House layout/description, and maybe some pictures would better allow the real experts on here to help.
Hang around, we don't usually bite.


----------



## begreen (May 2, 2012)

Castiron stoves that would work: Jotul Oslo, Enviro Boston and Hearthstone Shelburne. In the Hampton line I would look at the H300. In Idaho I think you will be burning a lot of softwood. If so going up a little in size is going to help with longer burntimes.
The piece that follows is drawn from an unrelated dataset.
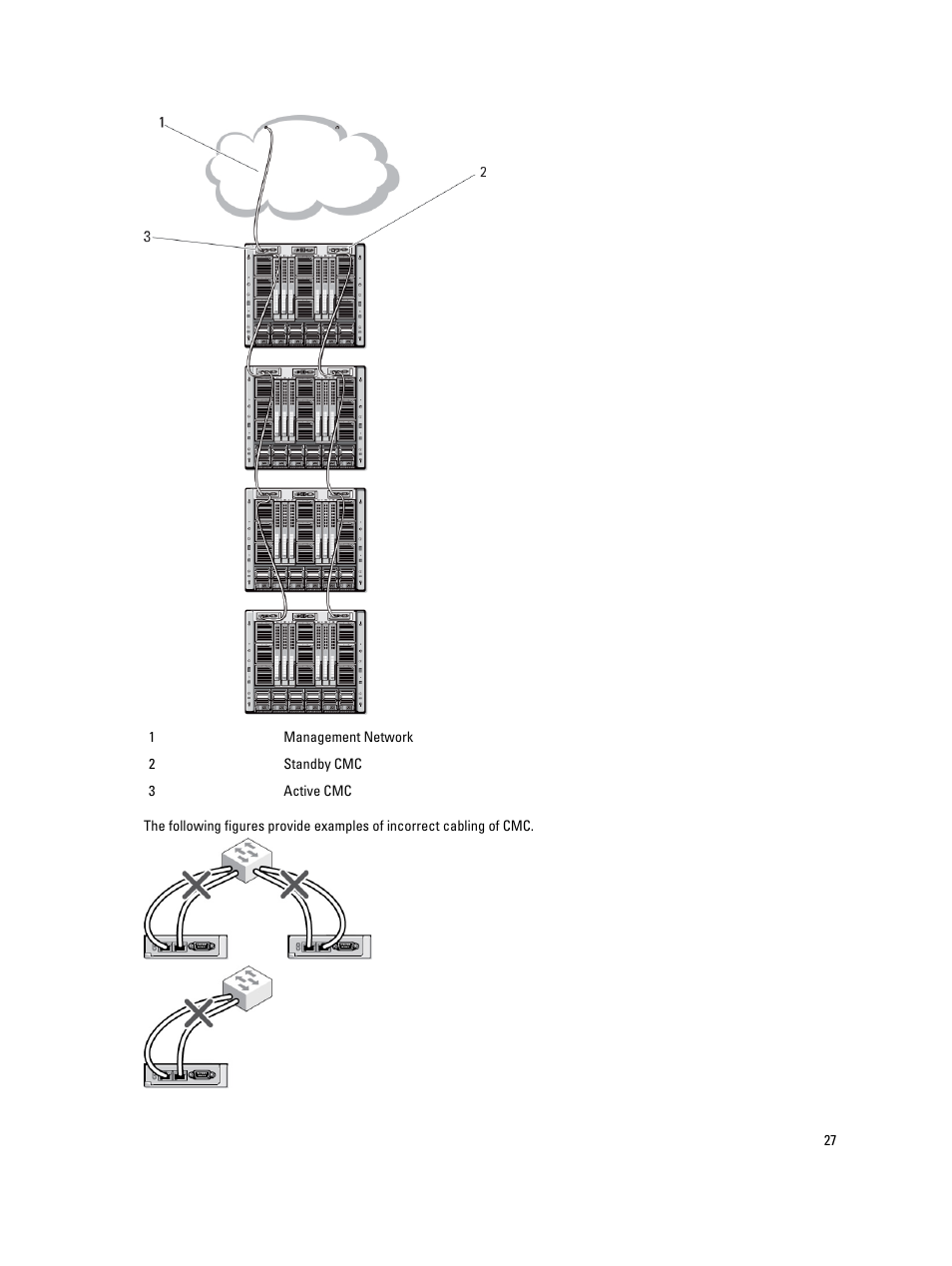 Dell POWEREDGE M1000E User Manual | Page 27 / 260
This is also why I recommend the Alderlea T5 over the T4.


----------



## mellow (May 2, 2012)

Same technology in a Cat stove that is in your car exhaust,  your car will not die and stop running if the Cat goes starts to go bad,  it will just not be as efficient.  You can run a Cat stove without the Cat in extreme circumstances,  heck some people have removed the cats and run the stove for years, it reverts the stove to pre-epa standards and would need to be burned hot to discourage creosote buildup.

Long burn time + small firebox = cat stove

Sounds like you will already have a lot of body heat BTU's going,  you just need a stove that can burn slow and low,  take a look at Buck Stoves as well,  they make a nice small cat stove.


----------



## Wade A. (May 2, 2012)

Hi Annalea...I'll let others try to sell you on a CAT stove, and I've owned both.  Sounds as if the possibility of non-self-sufficiency with a CAT stove is a deal breaker for you, and that is that.
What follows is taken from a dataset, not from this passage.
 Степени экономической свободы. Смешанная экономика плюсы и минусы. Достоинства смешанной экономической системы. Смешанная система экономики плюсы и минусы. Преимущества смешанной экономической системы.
I will join with those who advise that the set-off from combustible requirements, and hearth R value requirements, are what is going to dictate your range of choices. They vary remarkably from manufacturer to manufacturer, and between the models. The unit you may have your heart set on may not necessarily be suitable.  My advice is to download some stove manuals and most are available free on PDF.  Then, take some careful measurements. Measure again. Have some coffee. Think. Measure again....you get the idea. A good practice is also to cut out a true-life footprint of the stove from a sheet of paper or cardboard. That will help you picture how it will sit. Shoot, you can even do a full sized mock up from the stove dimensions and really get an idea of how much space it will take up. 

If it hasn't been said yet (and it will) you'd do well to get yourself busy on getting your first season's wood cut. Nothing takes the fun out of your first season of burning like fighting with damp wood.  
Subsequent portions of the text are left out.